The ordering trend supports the industry belief that LNG will play a critical role in the shipping sector’s transition to a cleaner future as a mid-term solution.
The uptake of the fuel is predominantly visible in the ordering of larger vessels, including very large crude carriers (VLCCs), Suezmax and Aframax tankers, ultra large containerships, and Newcastlemax bulkers.
The most recent contracts have seen Shell-supported order for 10 LNG-powered VLCCs from Daewoo Shipbuilding and Marine Engineering (DSME). The ships were contracted by Advantage Tankers, AET and International Seaways.

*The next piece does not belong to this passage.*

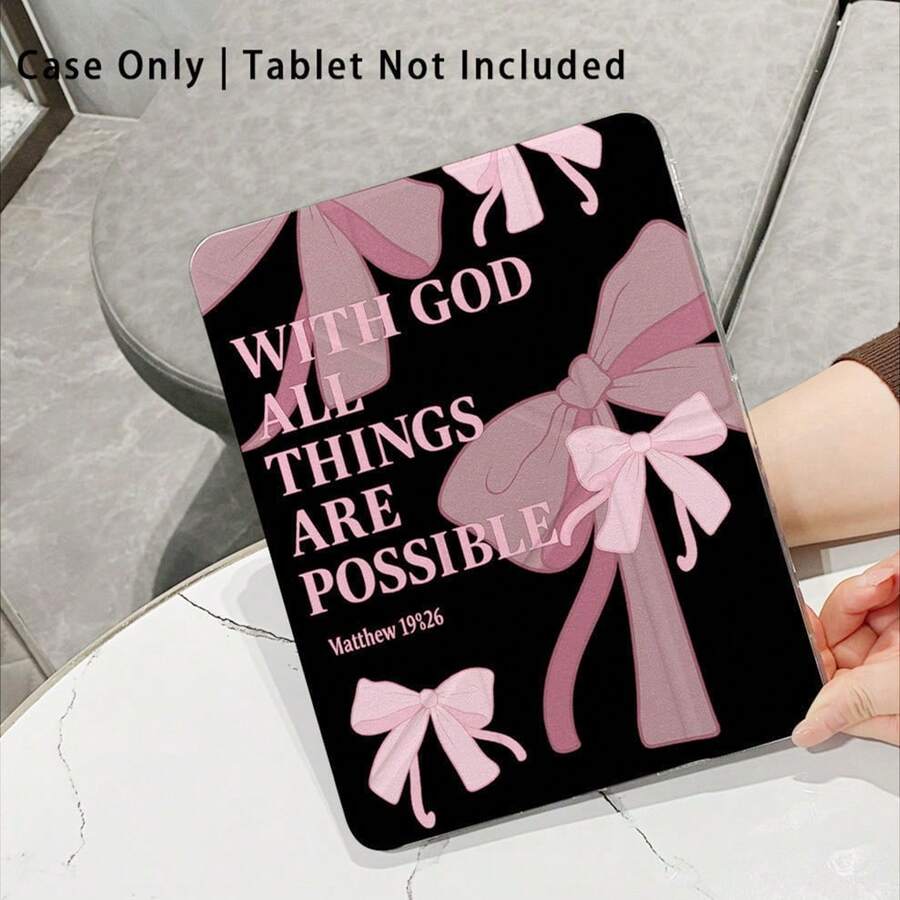 粉黑蝴蝶結圖案彩繪效果壓克力水晶平板保護殼附支架,適用於 Honor Pad 8/9/10、Honor GT 11.5inch/X7/X8A/X9/X8Pro/X9Pro/V9/V8 Pro、MatePad Se 11inch/MatePad 11inch/11.5inch、Apple 10th/11th Gen 2025 (A16)、Galaxy Tab A9/A9 Plus/A11/A11 PLUS 及其他熱門平板機型,可折疊防彎曲、矽膠加固護角 - 彩色 - 查看 1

As explained by Gibson, tankers and bulkers are particularly suited to LNG as a fuel, as the bunker tanks can be situated on deck, resulting in limited impact on the vessels cargo carrying capacity.
Larger designs of container vessels are being fitted with LNG, their large size makes the loss of TEU capacity less of an issue. However, smaller designs are seeing less of an uptake for LNG.

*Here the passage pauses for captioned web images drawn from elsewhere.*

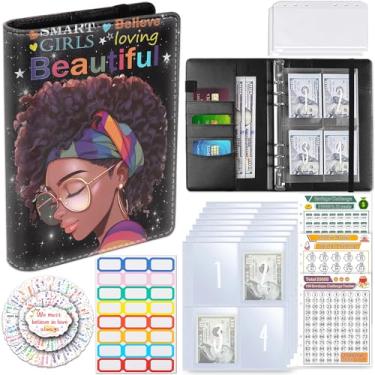 Imagem de Yuxcfhjfe Desafio de economia de dinheiro com 100 envelopes, fichário econômico com envelopes de dinheiro, processo motivacional para economizar US$ 5050, livro de desafios de economia A5 - Black Girl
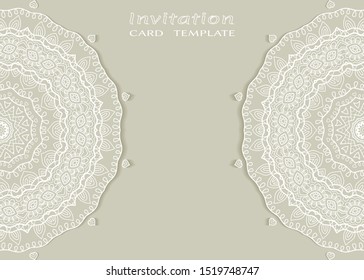 Invitation or Card template with lacе frame border, doodle line pattern, mandala element. Decorative openwork filigree art background for Wedding, Valentine's day greeting card, Birthday Invitation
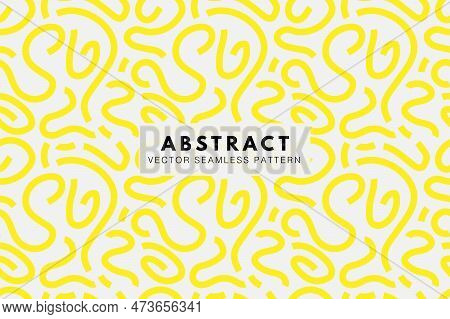 Wiggly Yellow Lines On A White Background Seamless Repeating Pattern
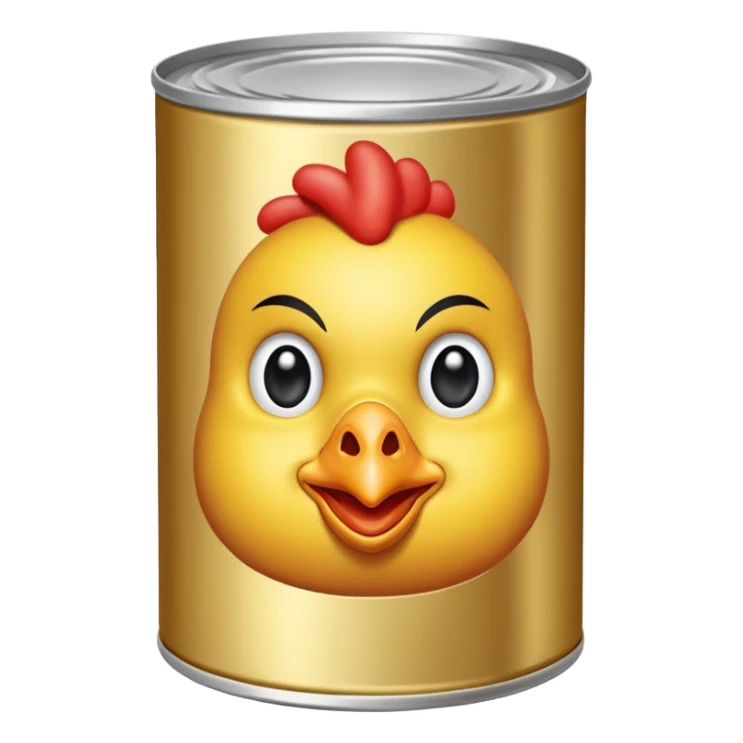 a can of chicken with a label, simple, clear sticker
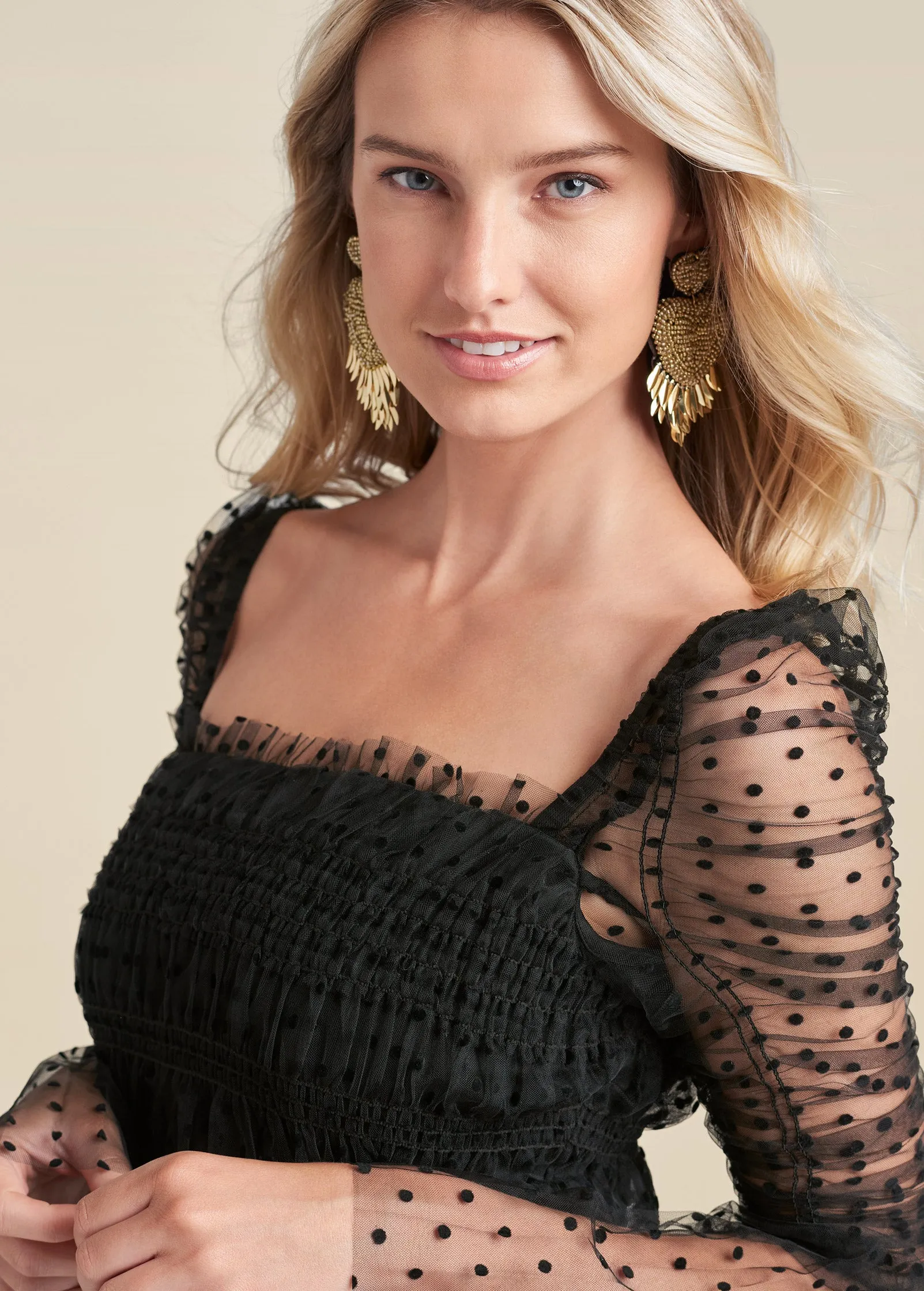 Dotted Mesh Bodycon Dress - Black sold by VENUS product image thumbnail 3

“In fact CMA CGM has recently announced that they will be ordering up to 20 wide-beam conventionally fuelled Panamax containerships fitted with scrubbers. The reasoning behind this decision is that that the 5,000 TEU vessels are too small to install LNG bunker tanks,” Gibson said.
LNG-powered bulker orders also seem to be on the rise with a spate of mining companies reporting ordering or negotiating bulker newbuilds.
Rio Tinto has approached two shipyards in China to build up to 12 LNG fuelled Newcastlemax worth about $804 million. The likely shipyards to win the deal are Qingdao Beihai Shipbuilding Heavy Industry and New Times Shipbuilding. The vessels will transport iron ore between Australia and China and will be 210,000 dwt with delivery dates from 2023.
BHP has also ordered five Newcastlemax LNG fuelled (208,000 dwt) bulkers from Eastern Pacific Shipping in mid2020 at the New Times yard in China. Anglo American has also taken four newbuildings (190,000 dwt) ordered by U-Ming at Shanghai Waigaoqiao shipyard in China, which will be contracted under a 10-year charter. These vessels are reported to have cost $65m each.
In addition, New Times Shipbuilding recently announced that negotiations were in progress for four firm 210,000 dwt bulkers, with an option for eight more, under the code name Project Himalaya.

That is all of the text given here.